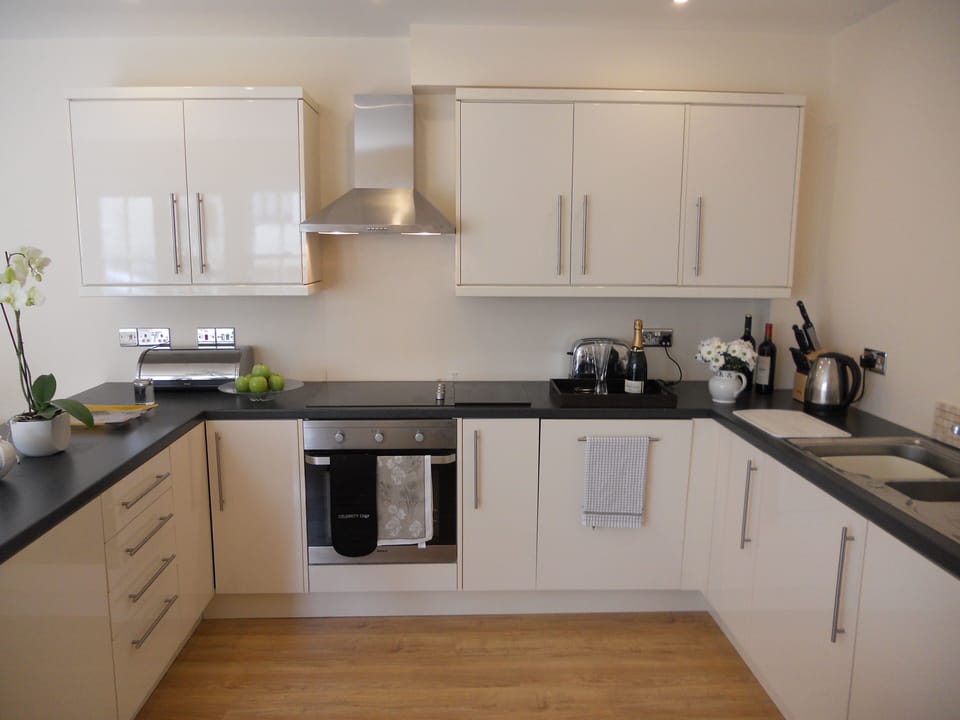 The luxury kitchen is well equipped with  processor and Sophie Conran china

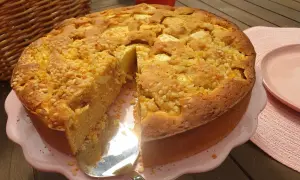 Ein goldbrauner Apfelkuchen ohne Zucker, bestreut mit Nüssen, wird auf einem rosa Teller präsentiert. Daneben liegt ein roter Apfel.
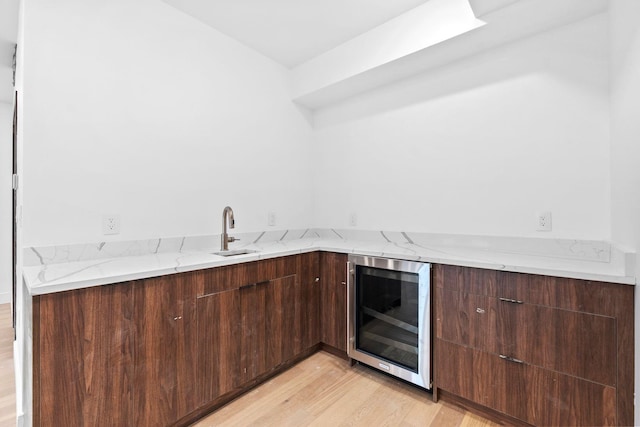 kitchen featuring wine cooler, dark brown cabinetry, sink, light stone counters, and light wood-type flooring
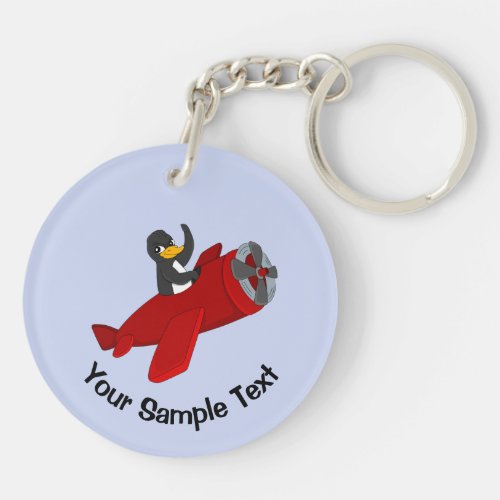 Flying penguin keychain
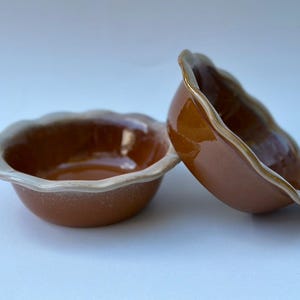 May include: Two brown ceramic bowls with a scalloped edge and a white glaze on the rim. The bowls are stacked on top of each other.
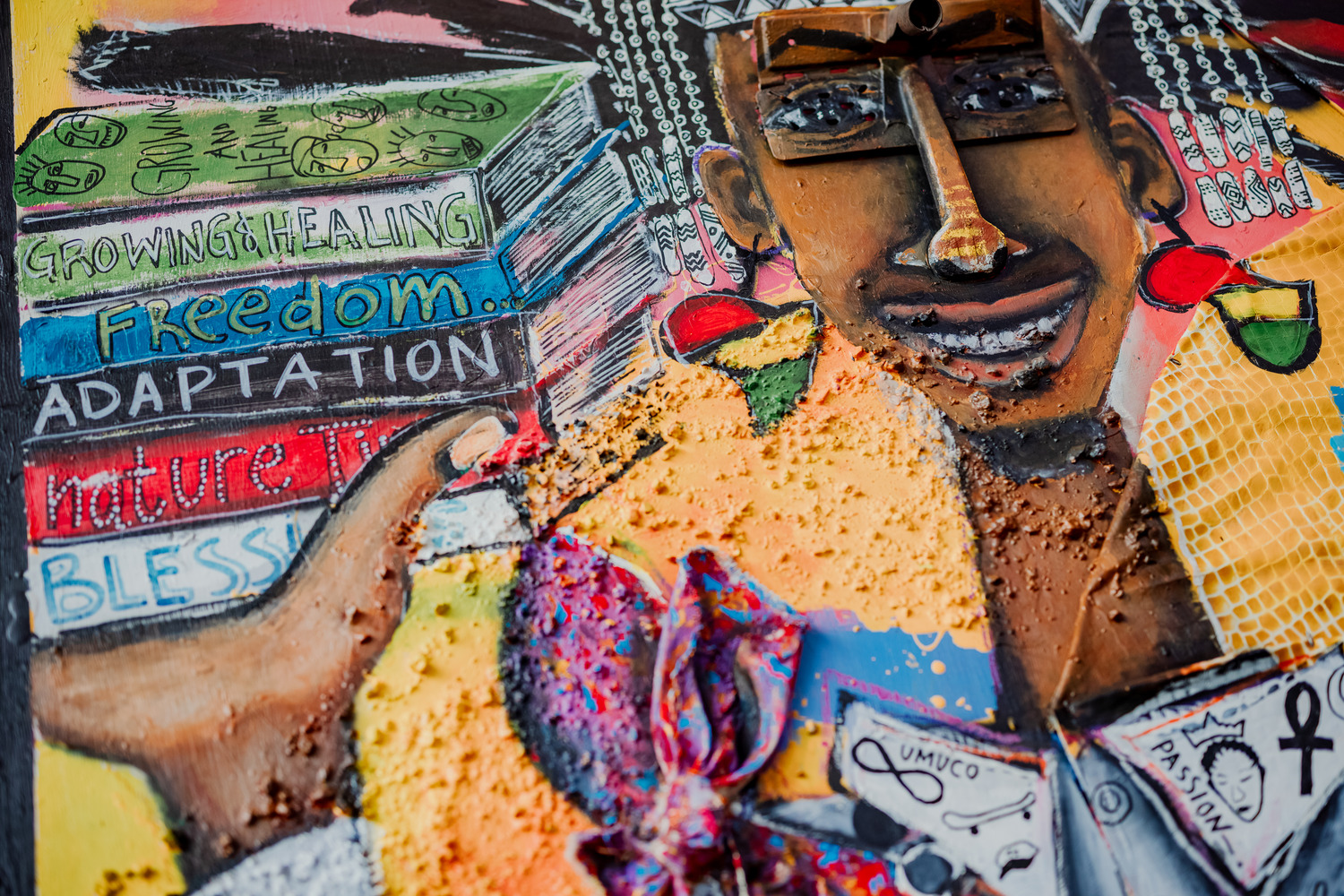 Colorful mural by a San Antonio artist depicts a person wearing glasses, holding books labeled with themes like healing and adaptation, surrounded by artistic symbols that celebrate storytelling and creativity.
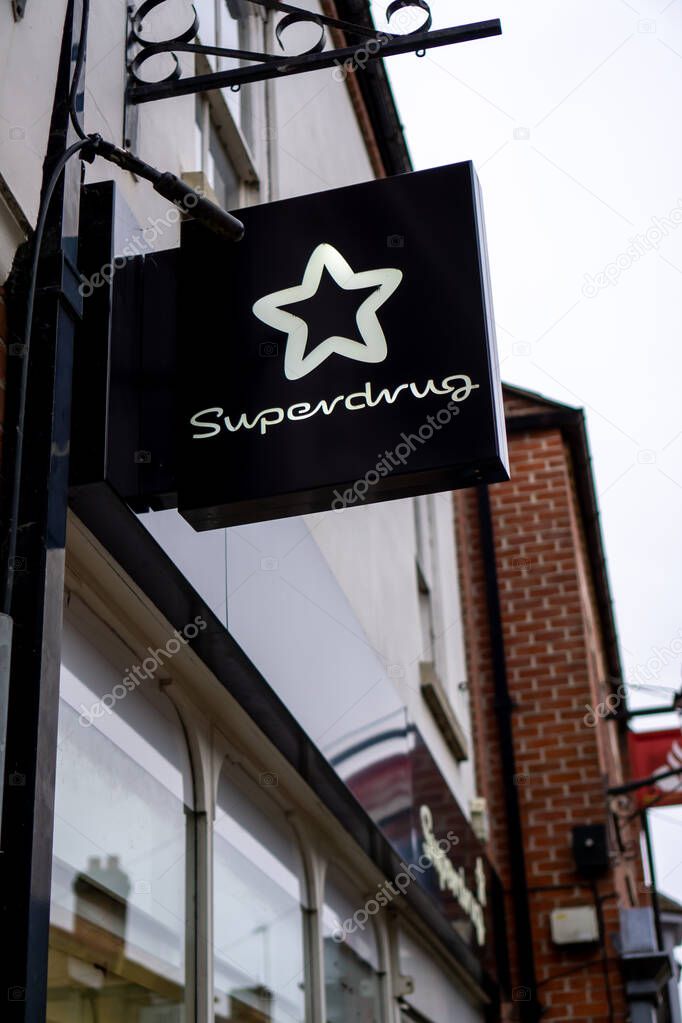 Saffron Walden, Essex, UK - January 12, 2024: Superdrug chemist and beauty shop hanging sign with logo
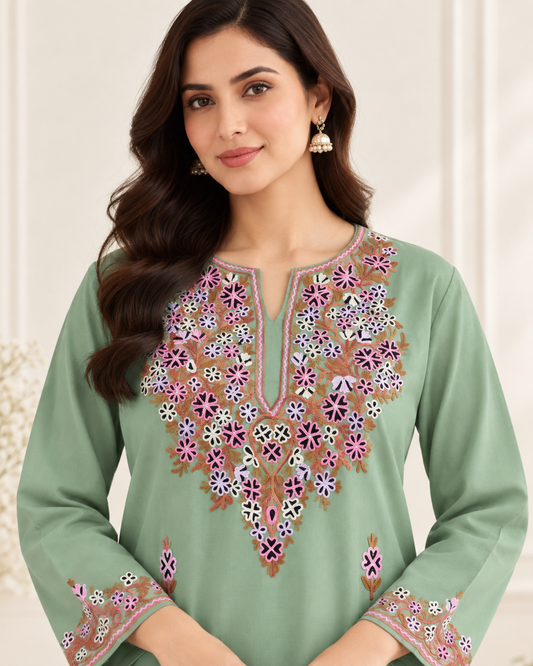 Green Aari work co-ord set in ruby cotton — close-up of the embroidered neckline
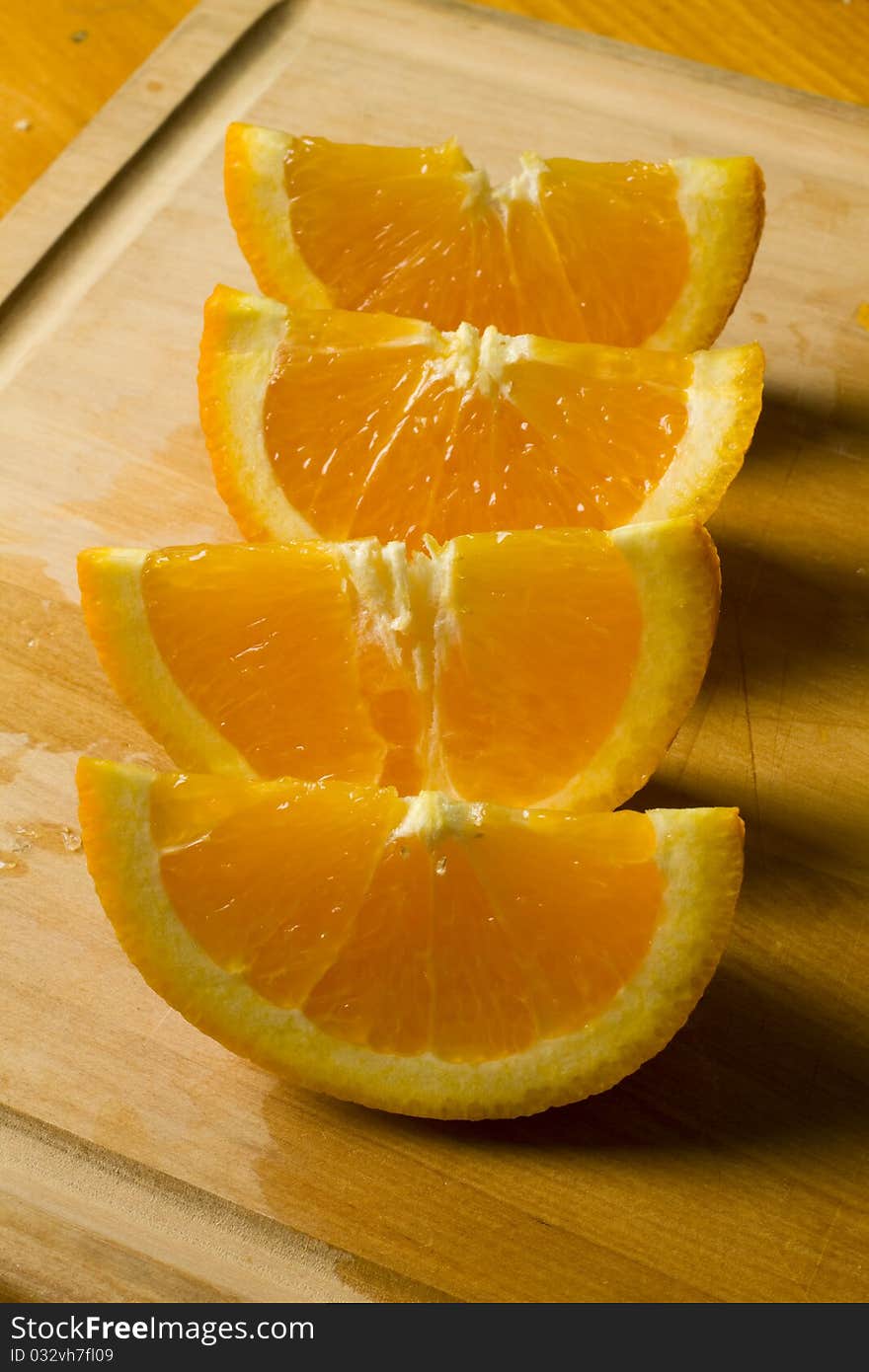 Fresh organic sweet ripe orange wedges on a wooden cutting board. Fresh organic sweet ripe orange wedges on a wooden cutting board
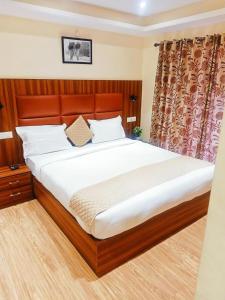 A bed or beds in a room at Himalayan view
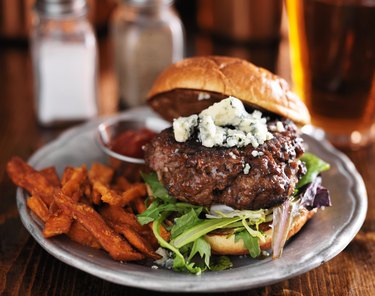 thick burger with blue cheese and sweet potato fries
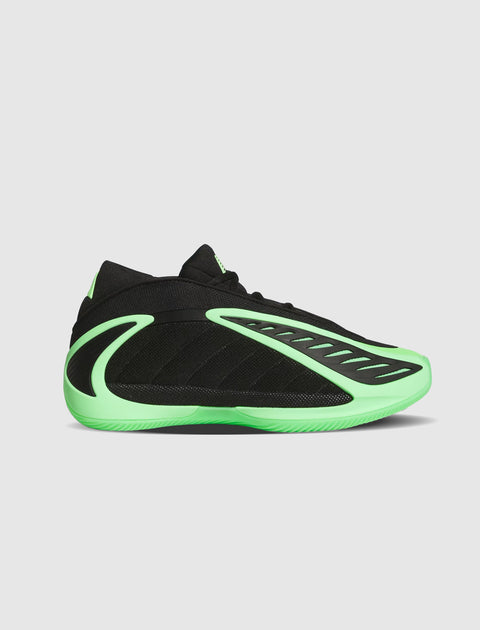 Black and neon green low-top sneaker with sculpted details on a plain background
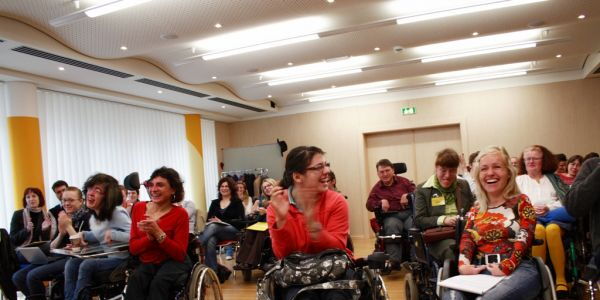 Foto: Bizeps. Gute Stimmung bei den KongressteilnehmerInnen. Viele lachende Gesichter und applaudierende Hände. Im Vordergrund Claudia Fessler und Sabrina Nitz in ihren Rollstühlen.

WORK INSTRUCTION ->
Leave out the pictures and repeat exactly the lines from the first line of the data through the line containing "Colorful mural by". Add nothing else.

ANSWER TO THIS EXERCISE ->
 The luxury kitchen is well equipped with  processor and Sophie Conran china

 Ein goldbrauner Apfelkuchen ohne Zucker, bestreut mit Nüssen, wird auf einem rosa Teller präsentiert. Daneben liegt ein roter Apfel.
 kitchen featuring wine cooler, dark brown cabinetry, sink, light stone counters, and light wood-type flooring
 Flying penguin keychain
 May include: Two brown ceramic bowls with a scalloped edge and a white glaze on the rim. The bowls are stacked on top of each other.
 Colorful mural by a San Antonio artist depicts a person wearing glasses, holding books labeled with themes like healing and adaptation, surrounded by artistic symbols that celebrate storytelling and creativity.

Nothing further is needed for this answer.